Some frequentist connections

5.5. Some frequentist connections#

Note

\(\chi^2\)/dof for model assessment and comparison#

Many physicists learn to judge whether a fit of a model to data is good or to pick out the best fitting model among several by evaluating the \(\chi^2\)/dof (dof = “degrees of freedom”) for a given model and comparing the result to one. Here \(\chi^2\) is the sum of the squares of the residuals (data minus model predictions) divided by variance of the error at each point:

\[ \chi^2 \equiv \sum_{i=1}^{N_{\text{data}}} \frac{\bigl(y_i - f(x_i;\hat\pars)\bigr)^2}{\sigma_i^2} , \]

where \(y_i\) is the \(i^{\text th}\) data point, \(f(x_i;\hat\pars)\) is the prediction of the model for that point using the best fit for the parameters, \(\hat\pars\), and \(\sigma_i\) is the error bar for that data point. The degrees-of-freedom (dof), often denoted by \(\nu\), is the number of data points minus number of fitted parameters:

\[ \nu = N_{\text{data}} - N_{\text{fit parameters}} . \]

The rule of thumb is generally that \(\chi^2/\text{dof} \gg 1\) means a poor fit and \(\chi^2/\text{dof} < 1\) indicates overfitting. Where does this come from and under what conditions is it a statistically valid thing to analyze fit models this way? (Note that in contrast to the Bayesian evidence, we are not assessing the model in general, but a particular fit to the model identified by \(\hat\pars\).)

Underlying this use of \(\chi^2\)/dof is a special case of the familiar statistical model

\[ y_{\text{expt}} = y_{\text{th}} + \delta y_{\text{expt}} + \delta y_{\text{th}} \]

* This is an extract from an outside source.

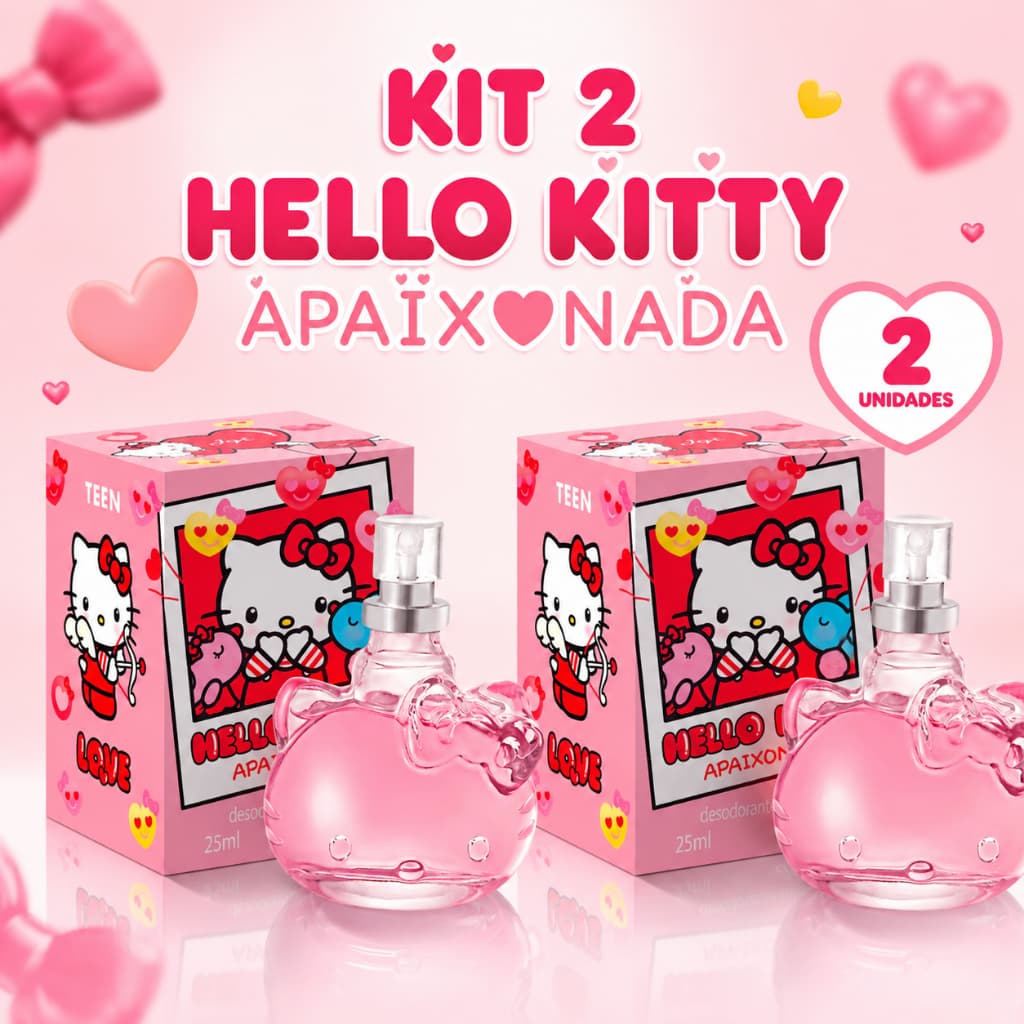 Kit 2 Perfumes Hello Kitty Apaixonada Jequiti 25ml Desodorante Colônia Teen Feminino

in which the theory is \(y_{\text{th},i} = f(x_i;\hat\pars)\), the experimental error is independent Gaussian distributed noise with mean zero and standard deviation \(\sigma_i\), that is \(\delta y_{\text{expt}} \sim \mathcal{N}(0,\Sigma)\) with \(\Sigma_{ij} = \sigma_i^2 \delta_{ij}\), and \(\delta y_{\text{th}}\) is neglected (i.e., no model discrepancy is included). As a consequence

\[ y_{\text{expt}} \sim \mathcal{N}\bigl(f(x_i;\hat\pars), \Sigma\bigr) . \]

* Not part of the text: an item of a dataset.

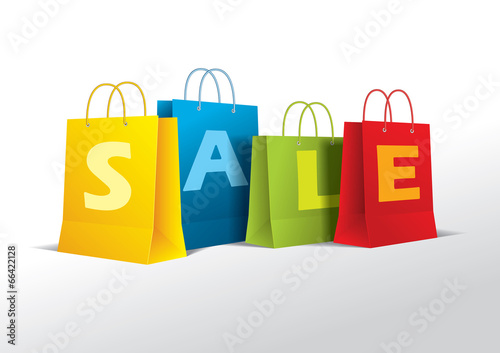 Colored paper bags on white. Vector.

The likelihood (and the posterior, with an implicitly assumed uniform prior) is then proportional to \(e^{-\chi^2(\hat\pars)/2}\).

According to this model, each term in \(\chi^2\) before being squared is a draw from a standard normal distribution. In this context, “standard” means that the distribution has mean zero and variance 1. This is exactly what happens when we take as the random variables \(\bigl(y_i - f(x_i;\hat\pars)\bigr)/\sigma_i\). But the sum of the squares of \(k\) independent standard normal random variables has a known distribution, called the \(\chi^2\) distribution with \(k\) degrees of freedom. So the sum of the normalized residuals squared should be distributed (if you generated many sets of them) as a \(\chi^2\) distribution. How many degrees of freedom? This should be the number of independent pieces of information. But we have found the fitted parameters \(\hat\pars\) by minimizing \(\chi^2\), i.e., by setting \(\partial \chi^2(\pars)/\partial \theta_j\) for \(j = 1,\ldots,N_{\text{fit parameters}}\), which means \(N_{\text{fit parameters}}\) constraints. Therefore the number of dofs is given by \(\nu = N_{\text{data}} - N_{\text{fit parameters}}\).

Now what do we do with this information? We only have one draw from the (supposed) \(\chi^2\) distribution. But if that distribution is narrow, we should be close to the mean. The mean of a \(\chi^2\) distribution with \(k = \nu\) dofs is \(\nu\), with variance \(2\nu\). So if we’ve got a good fit (and our statistical model is valid), then \(\chi^2/\nu\) should be close to one. If it is much larger, than the conditions are not satisfied, so the model doesn’t work. If it is smaller, than the failure implies that the residuals are too small, meaning overfitting.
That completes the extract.